- “The resignation of the chancellor is indicative of the uni’s budgetary problems”, one instructor-researcher at the University of Luxembourg murmured to Paperjam. The institution’s 2017 budget, with a €26.8m deficit, was only presented at the end of March 2017, and work on 2018’s budget has apparently not yet begun. Rainer Klump’s resignation took effect on Tuesday.
- The next “indexation” is expected to take place during the second or third quarter of next year, according to Statec, the national statistics bureau. That means salaries and pension payments will automatically rise by 2.5%. Statec also forecast that consumer prices will increase 1.8% this year and inflation will be 1.7% in 2018.
- Luxembourg’s government has hired a pair of firms to advise it on negotiations over the UK’s exit from the EU. The firms will help the finance ministry study the potential impact of Brexit in the financial services and tax spaces. The information was revealed in a response from the DP finance minister Pierre Gramegna to a parliamentary question by CSV MP Laurent Mosar.
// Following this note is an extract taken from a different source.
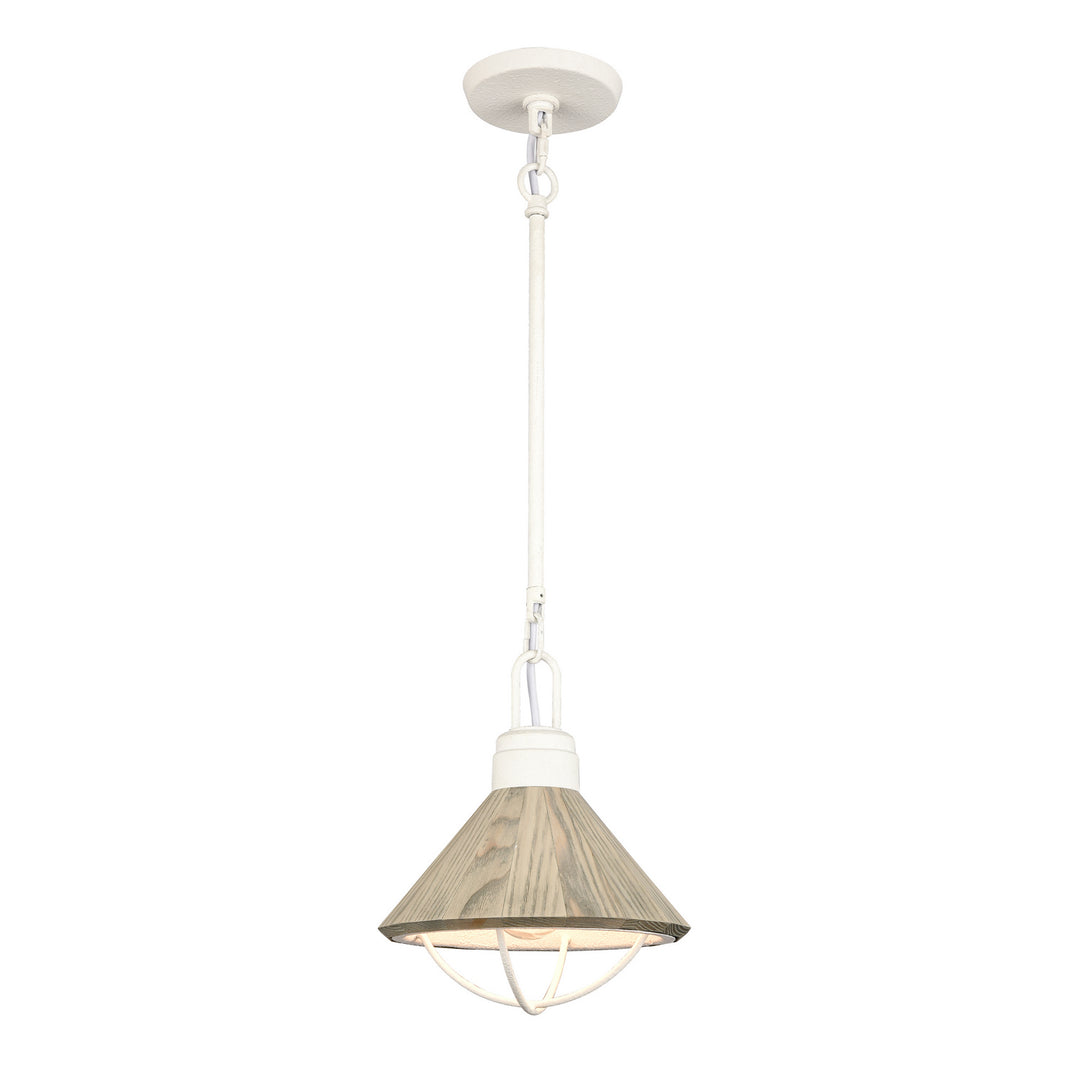 Elk Cape May 63156/1 Pendant Light - White Coral
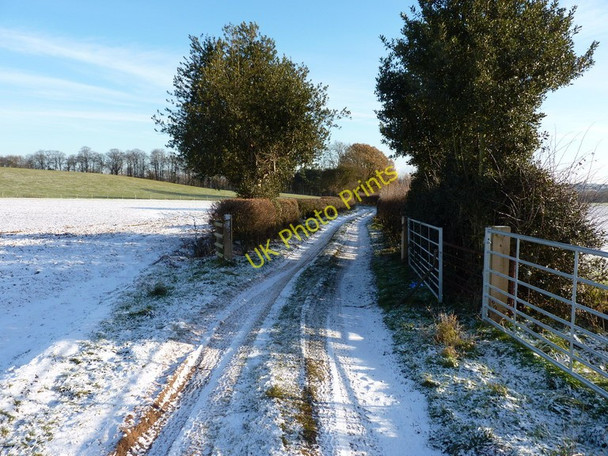 Photo 6"x4" Farm track to Sheepwalk Coppice Hallon c2010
According to the Luxembourger Wort, the consulting firm PwC and law office of Arendt & Medernach won the government contracts.
- KBL epb (European private bank) posted net banking income of €465.9m and operating income of €37.1m last year. Net profits dropped from €81.3m in 2015 to €6m to 2016. No dividend payment will be issued. 99.9% of KBL shares are owned by Precision Capital, the Luxembourg-based investment vehicle for Qatar’s royal family, which also has a controlling stake in Banque internationale à Luxembourg.
- The government has launched the second part of a regional mobility study. Altogether the infrastructure ministry hopes to garner responses from 40,000 households in Luxembourg and the households of 45,000 cross-border commuters on how exactly how they get around. François Bausch, the Green infrastructure minister, said the last such study was conducted been 1995 and 1997. Questionnaires are being fielded--in English, French, German, Luxembourgish and Portuguese--by phone, email and postal mail. Research is expected to finish at the end of May and results published in the autumn.